=== REQUIRED ACTION ===
No pictures belong in the copy. Set down exactly the lines from the one that contains "A modern dining" through the end of the data.

Extracted data entries:
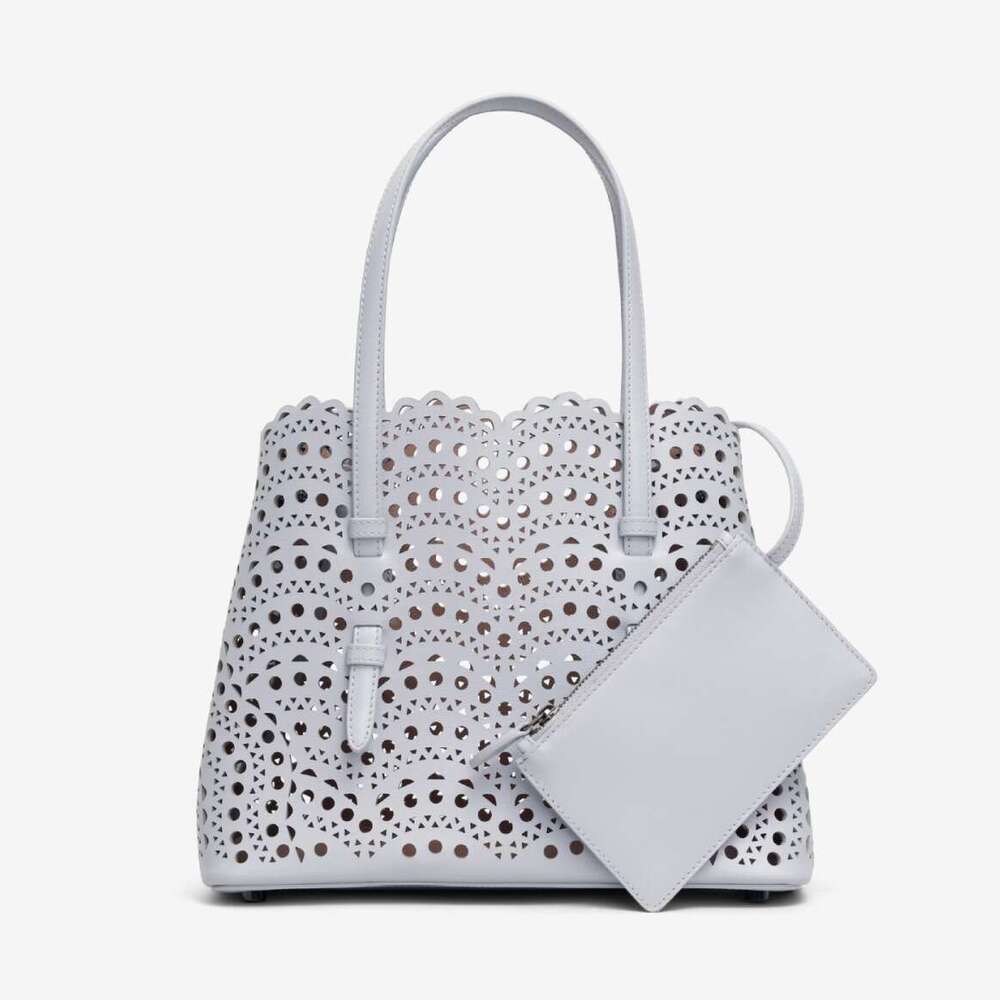 New High-End Niche Wave Hollowed Out Carved Kraft Vegetable Basket Genuine Leather Women's Single Shoulder Crossbody Small Tote Bag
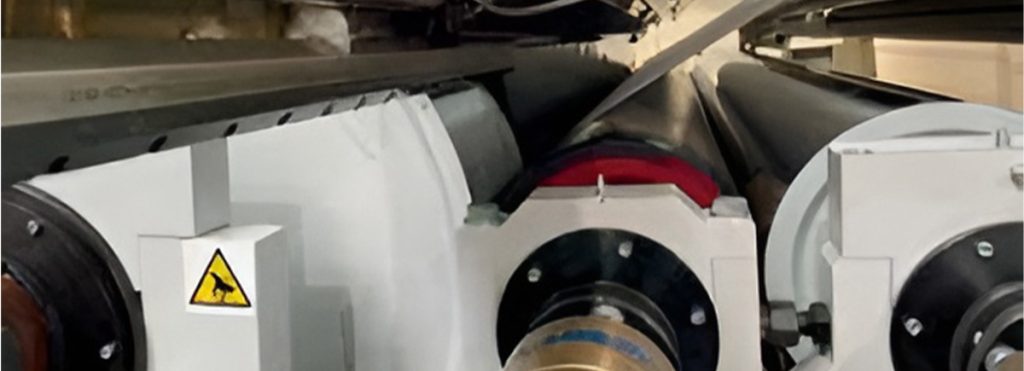 Gruppo laminazione linee estrusione accoppiamento TNT e tessuti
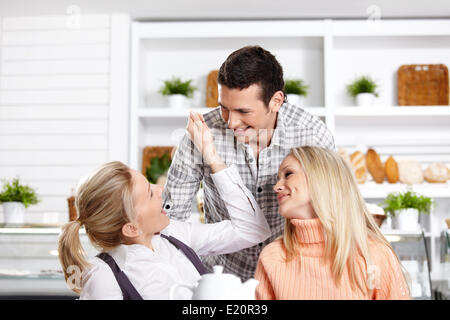 Zwei Mädchen und der Mann viel Spaß im café Stockfoto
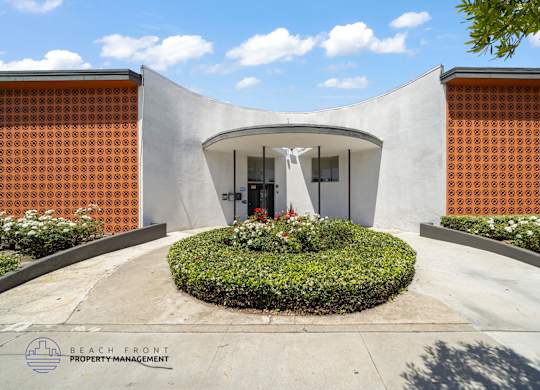 A modern building entrance with a circular flower bed in front.
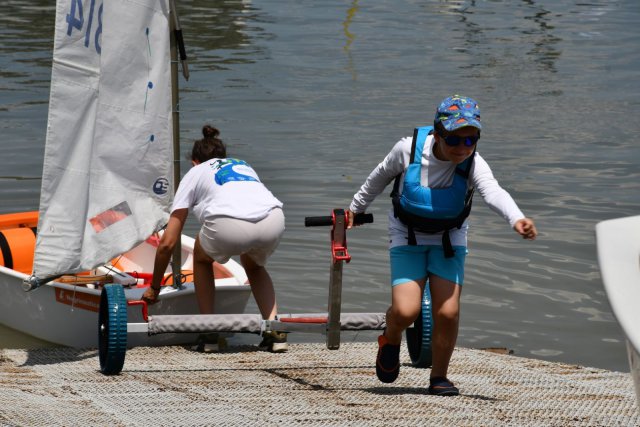 Two young sailors prepare their small sailboat at the water’s edge; one adjusts the boat on a dolly while the other runs ahead in sailing gear and a life jacket.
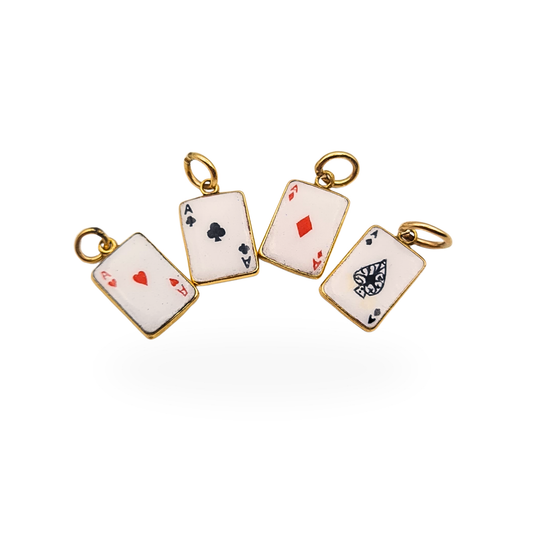 Set of four 9ct gold playing card charms featuring enamelled Ace of Hearts, Clubs, Diamonds and Spades, hallmarked Birmingham 1987. Each miniature card measures 10mm by 8mm and is fully hallmarked, forming a petite vintage poker-themed charm collection.
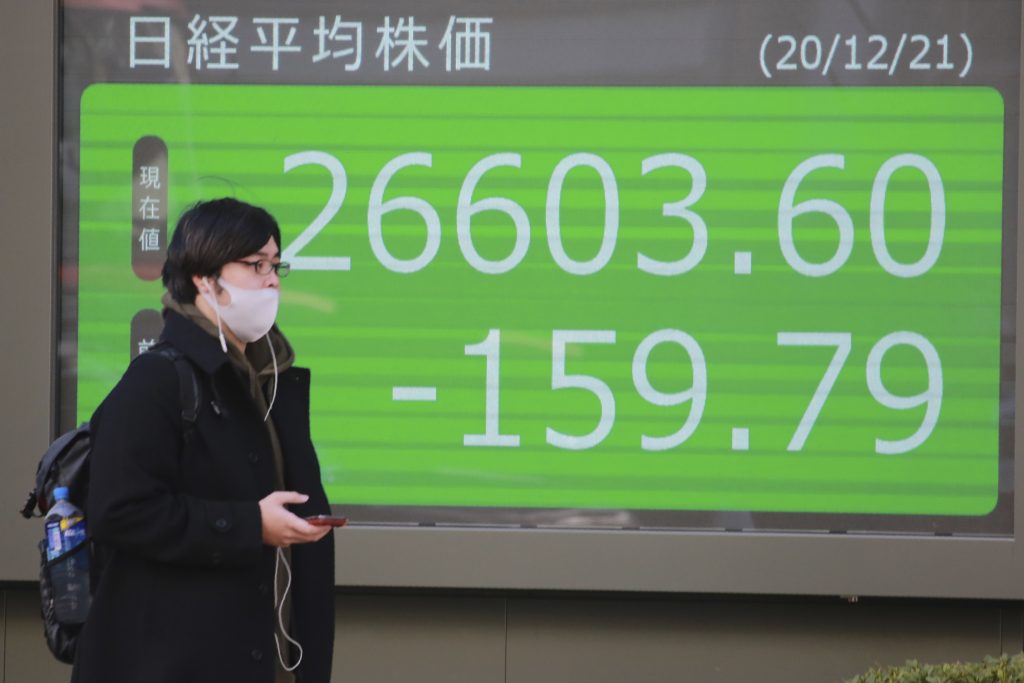 2020年12月21日（月）、東京都内にある証券会社の電子株価ボードの前を歩く男性。（資料写真/AP通信）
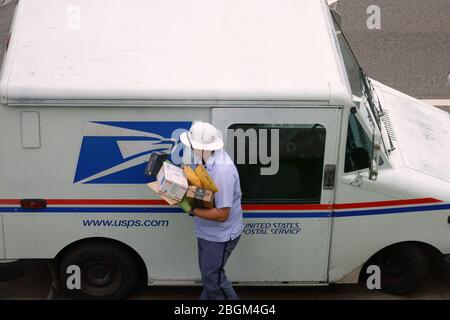 Los Angeles, CA / USA - 20 aprile 2020: Un corriere postale per il servizio postale degli Stati Uniti USPS indossa una maschera e guanti durante la pandemia COVID-19. Foto Stock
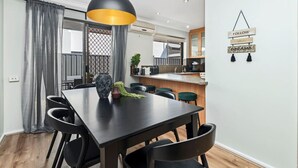 A modern dining area with a black table and chairs, a pendant light, and a kitchen in the background. - Coastal Elegance! A Luxurious, Dreamy Escape! (Scarborough)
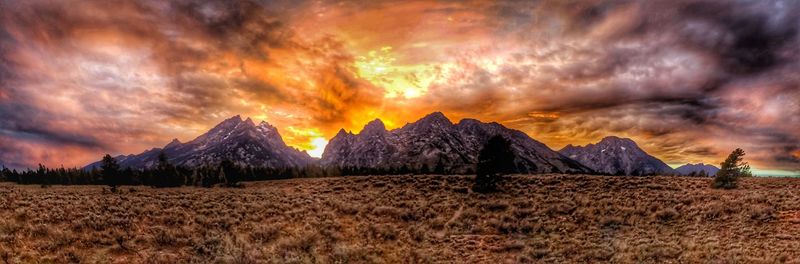 Scenic view of dramatic sky over land during sunset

=== EXERCISE RESULT ===
 A modern dining area with a black table and chairs, a pendant light, and a kitchen in the background. - Coastal Elegance! A Luxurious, Dreamy Escape! (Scarborough)
 Scenic view of dramatic sky over land during sunset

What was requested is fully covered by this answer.